Although I focus on the visual culture of the nineteenth century, I will break with convention by refraining from labeling these optical devices and shows as precinematic. “Precinematic” is a misleading term for the visual media created before the invention of cinema because it implies that cinema superseded and replaced them. This is untrue: if you have ever played with a flip-book or kaleidoscope, you know that nineteenth-century optical technology is alive and well, finding new roles and meanings in contemporary life.18 To call these media precinematic is to imply that cinema was the obvious and natural end point of the nineteenth-century's explorations in virtual aesthetics and thus to close down avenues of inquiry that reveal the deeply noncinematic ways that these media created and conceptualized virtuality.

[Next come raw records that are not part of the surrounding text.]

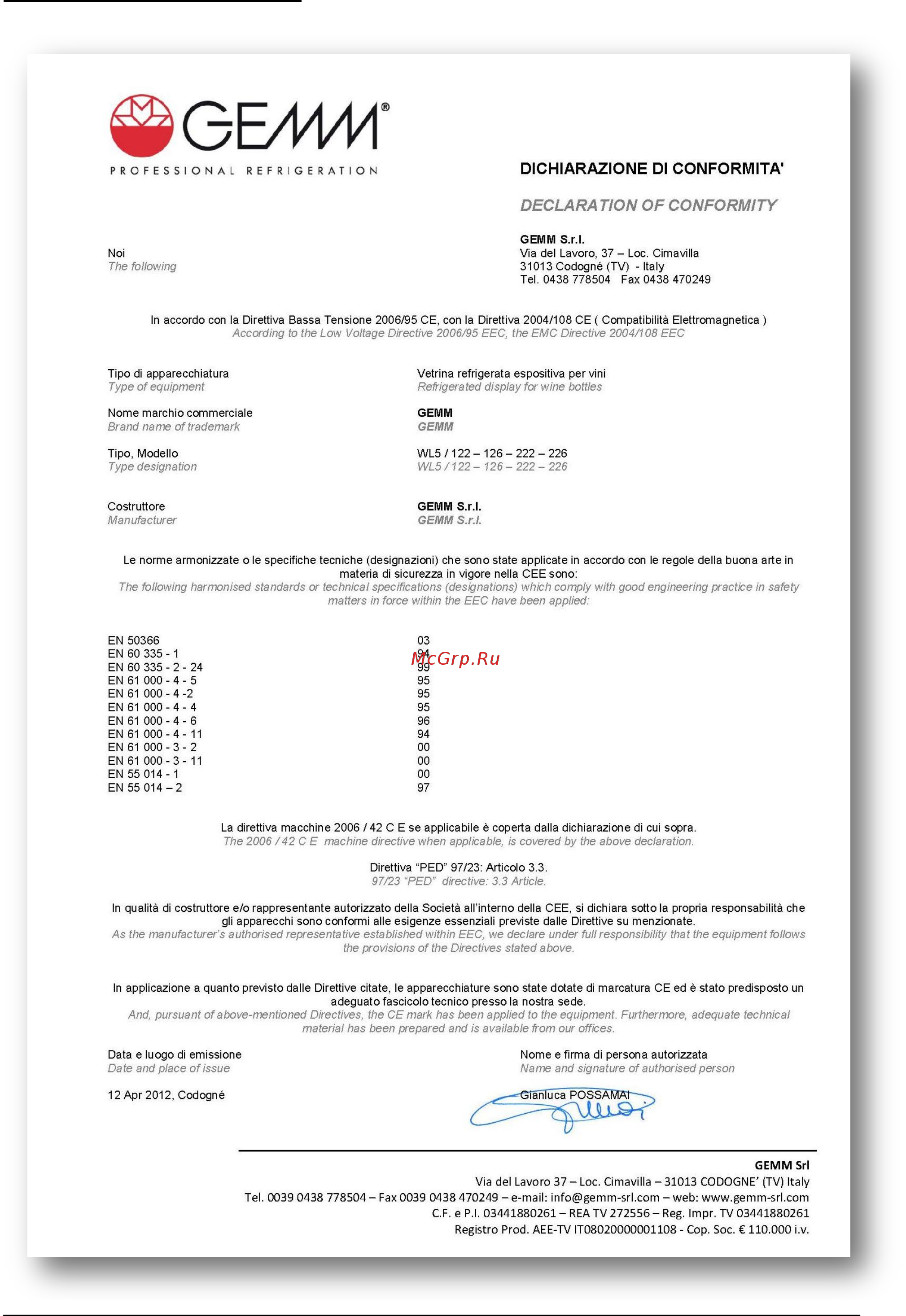 Gemm WL5/222P [91/122] Déclaration de conformité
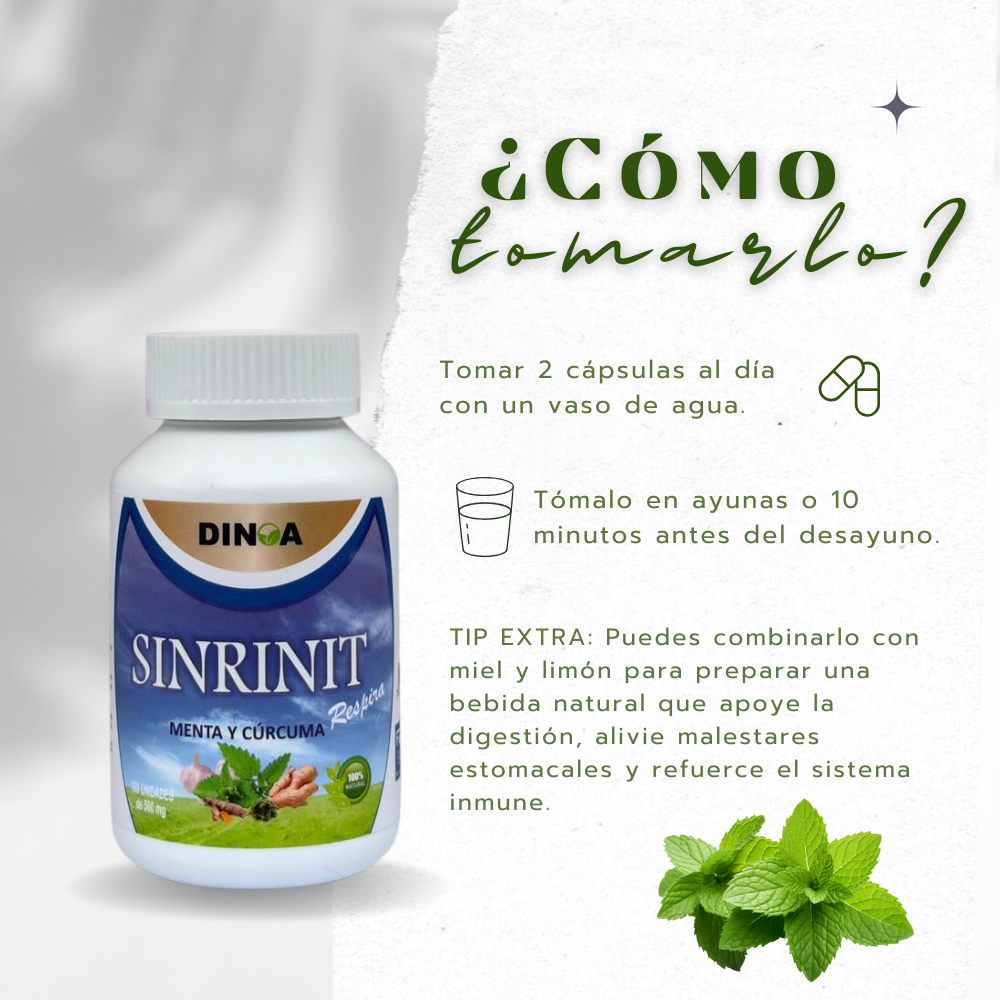 SINRINIT DINOA CÁPSULAS X 100 / MENTA Y CÚRCUMA / BIENESTAR RESPIRATORIO /DESCONGESTIONANTE NATURAL - 3
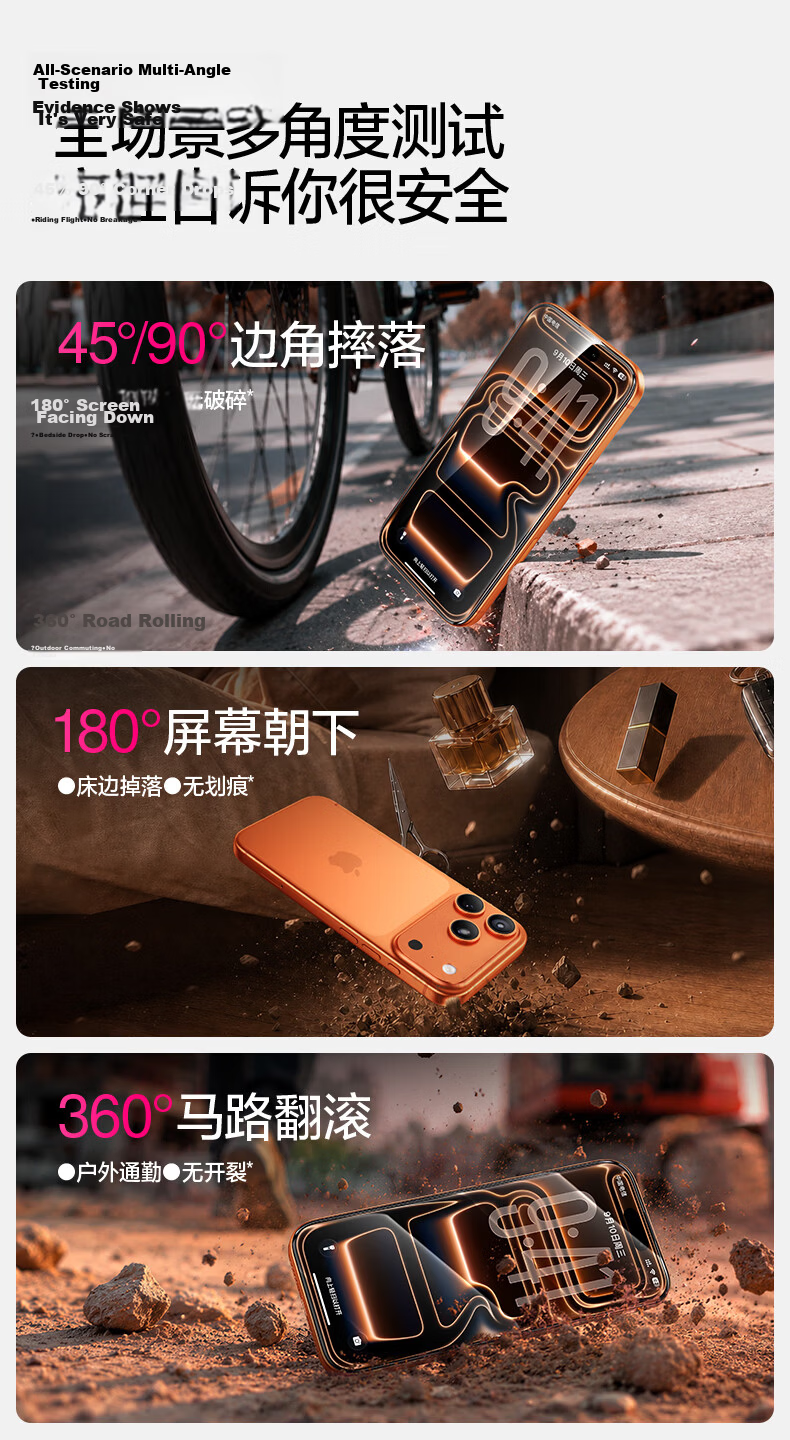 Flash Demon Kirin King | Tested 2.6m Drop-Proof Tempered Glass Screen Protector for iPhone 15 Pro Full Coverage Dustproof Explosion-Proof Cleanroom Protective Film 11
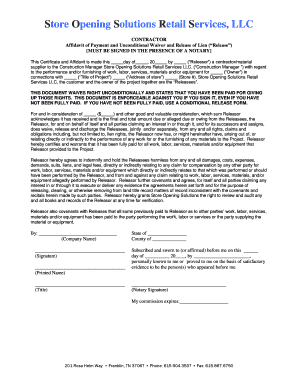 Contractor Affidavit of Payment and Waiver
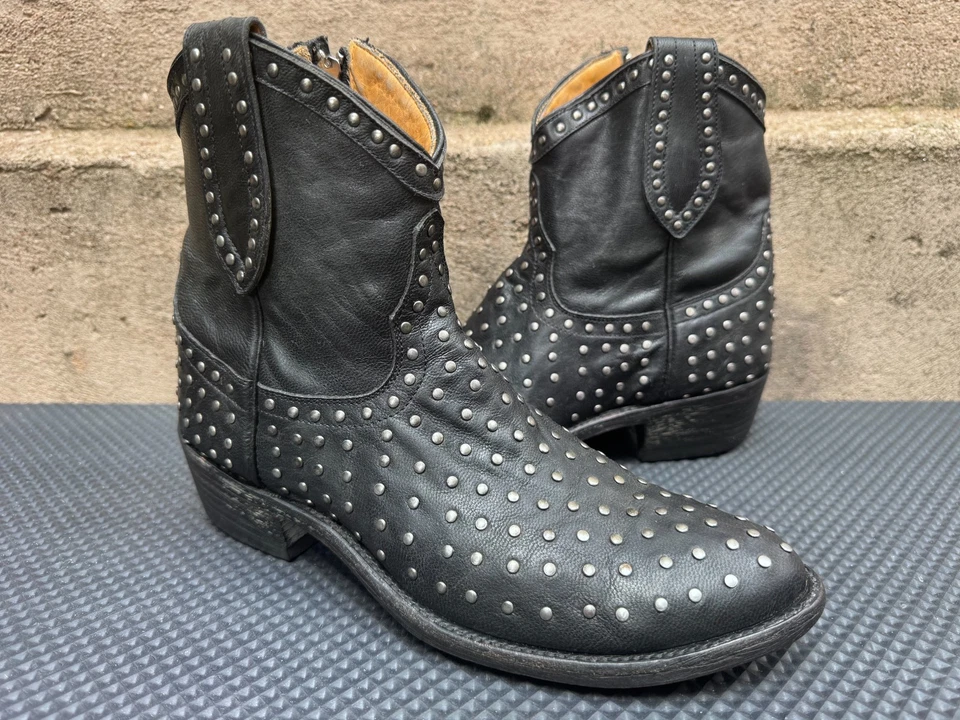 Botas femininas Old Gringo de couro preto cravejado cowgirl ocidental tamanho 8 - Imagem 1 de 4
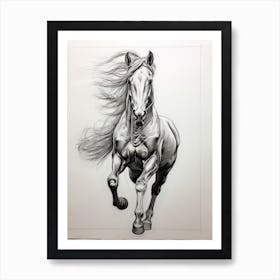 A Horse Painting In The Style Of Hatching And Cross Hatching 4 Art Print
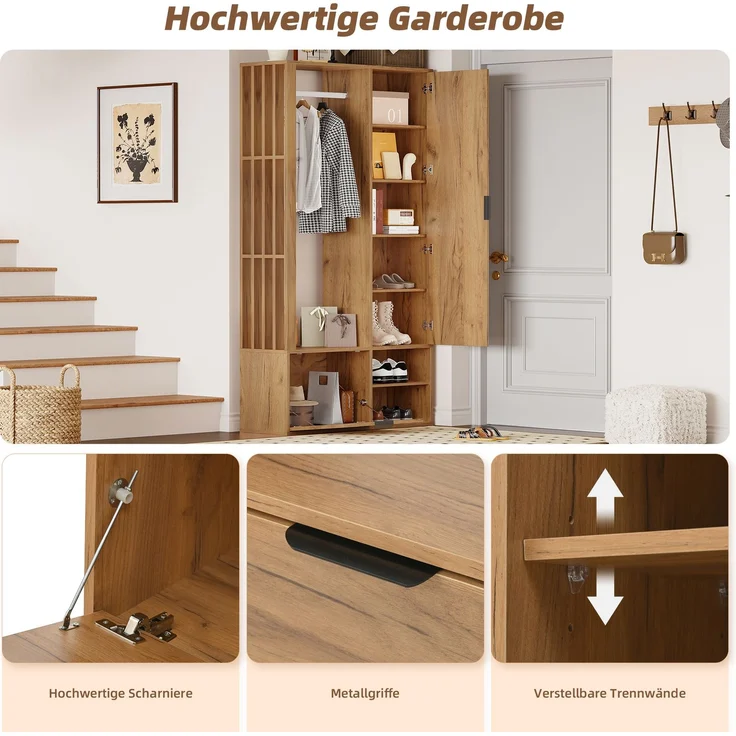 100*33*190cm garderobenschränke mit flur,6-in-1-Eingangsschrank, zum Aufhängen von Mänteln,Flurschrank mit Wäscheständer ,Garderobenschrank und Spiegel, Breite 100 cm,Schrank mit unterer Tür,Holzfarbe--Natürlich--100x33x190cm--YOUDENOVA – Bild 9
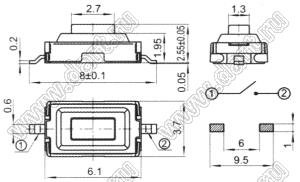 TVBM17-2.5-T/R (TD-19XA-Y-T/R, IT-1181) WHITE кнопка тактовая для поверхностного монтажа; 6,1x3,7мм; в ленте на катушке; H=2,5мм; толкатель белый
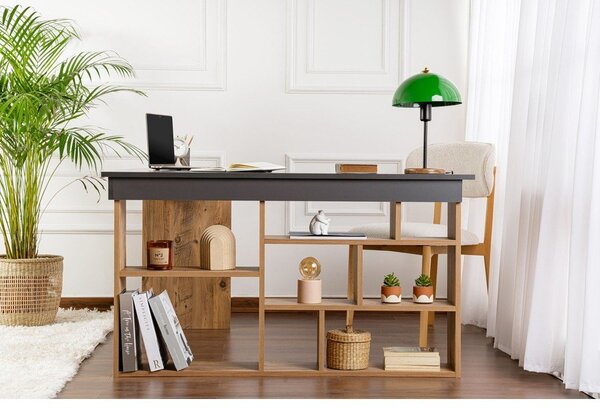 Scrivania angolare con effetto pino 120x130 cm Vesper – Kalune Design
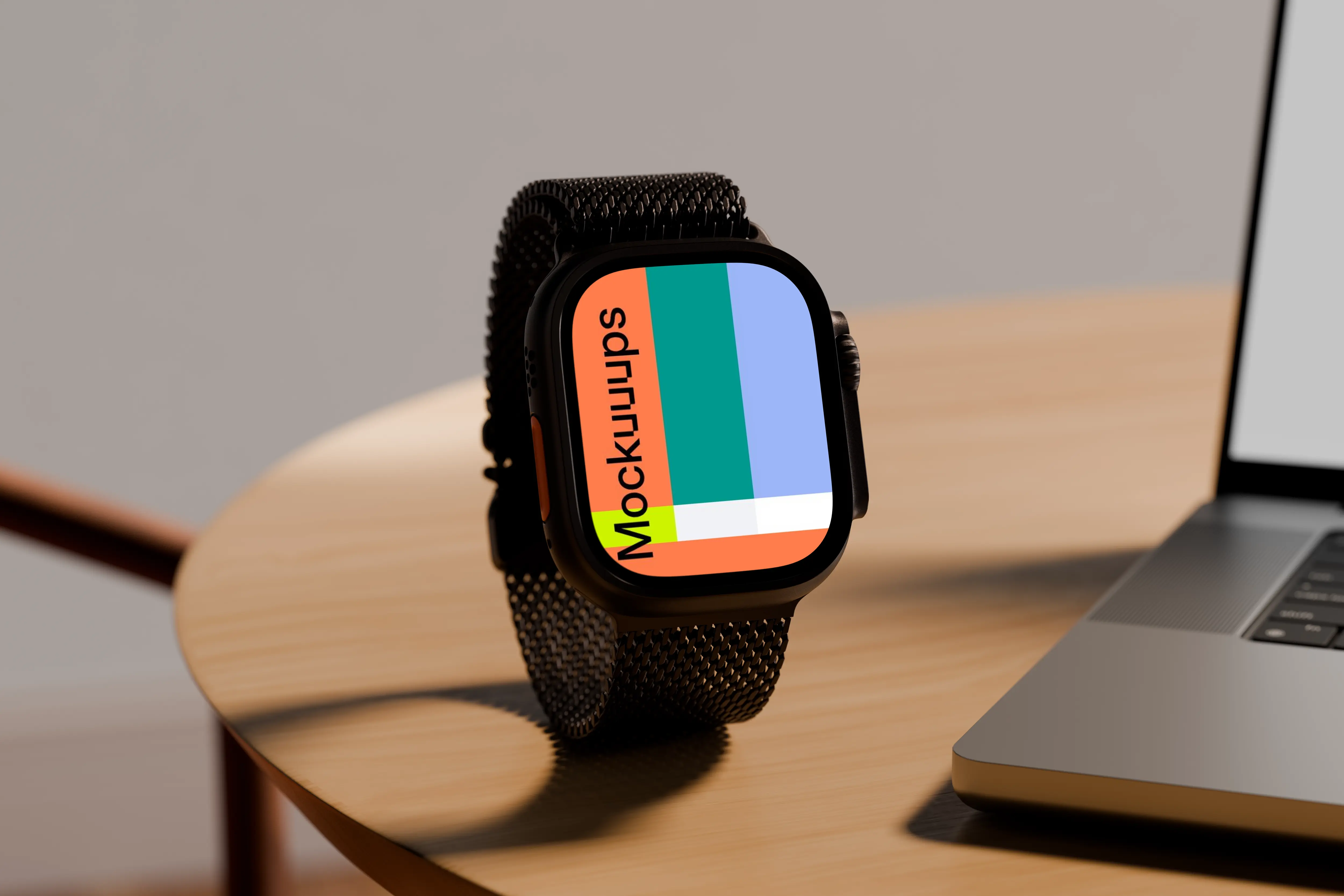 Apple Watch Ultra mockup on a wooden table next to a laptop mockup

This book seeks to recover a virtual aesthetics that was interrupted by cinema's ascension to the status of modernity's paradigmatic media technology.

In my book, you will encounter, among other things, exhibitions of ghosts, a magic mirror of ink, a diamond that is actually an optical technology, and a moving picture ouroboros that spins in a circle. All these media relate to the virtual moving image aesthetics of the cinema in some way; if I have done my job well, each of them will cast the history of cinema in a new light. But they will also compel diverse, sometimes conflicting conceptions of virtual aesthetics that challenge any clear narrative of technological or cultural development. I take cinema as a heuristic that opens a nineteenth-century culture of virtual aesthetics that is far stranger, richer, and more meaningful than the term “precinematic” will ever convey.

What Was the Virtual?

It would be easy to assume that my case for a Victorian media aesthetics of virtuality hinges on an act of strategic presentism, one in which I am (at best) reading the virtual interfaces, realities, and environments of our contemporary media ecology backward into the nineteenth century and (at worst) retrofitting Victorian aesthetics to the digital age. This is far from the case. I approach the virtual as a distinct media aesthetic of Victorian culture. I have generated my theory of Victorian virtual aesthetics from a historical analysis of nineteenth-century optical media technologies, practices of spectatorship, and cultural discourse, and I offer an account of the virtual that is deeply—to some extent, inextricably—placed within this context. How virtuality migrates and evolves and to what extent the aesthetic formations I discuss in this book prefigure or become the virtual technologies and experiences of today are fascinating questions beyond the scope of the book. My book is not asking what the virtual is but rather what the virtual was as an aesthetic and cultural framework in nineteenth-century British culture.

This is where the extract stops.